They fail in different ways. PGSR smooths over clutter, MonoSDF puffs the shape outward, and the splat-based meshes leave holes. Running all three on the same video shows where each one breaks, instead of trusting a single method's nice-looking output.
The laptop stages are a normal Python package (pip install -e .): ingest, fuse, benchmark, the viewers, and the simulator export. They run on a laptop with no GPU.
The three reconstruction methods are separate research codebases, each with its own CUDA setup and a few hours of GPU training. Those run on a GPU machine, driven by the scripts in scripts/remote/. I kept them separate rather than pretend that one pip install reproduces six GPU-hours of training.
make install # laptop stages
make benchmark # rebuild the ground-truth table from the bundled metrics
make viewer # serve the 3D viewers at http://localhost:8765
# merge any two coloured meshes
vid2scene fuse --backbone pgsr.ply --donor dn.ply --out consensus.ply
# export the metric mesh as a simulator-ready collider
vid2scene embodied --mesh consensus.ply --out room_sim.glb --scene-json scene.jsonThe merge keeps one mesh as the trusted base and only borrows from another where the base has holes. It never averages two surfaces together.

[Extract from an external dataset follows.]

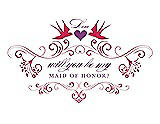 Front View Thumbnail - Pantone Honeysuckle & Orchid Will You Be My Maid of Honor Card - Classic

Averaging two meshes that are each wrong in a different way just stacks their errors and produces doubled or thickened walls.
Given a base mesh B, a donor mesh D, and a distance threshold tau:
keep = { points of D that are more than tau away from the nearest point of B }
S = all points of B + keep # the donor only fills B's holes
mesh = ScreenedPoisson(S), then drop the lowest-density vertices
and keep the largest connected piece
A smaller tau borrows more from the donor. The threshold is the whole trick: where B already has a surface, the donor is ignored, so two biased surfaces are never blended. Code: src/vid2scene/fuse/consensus.py.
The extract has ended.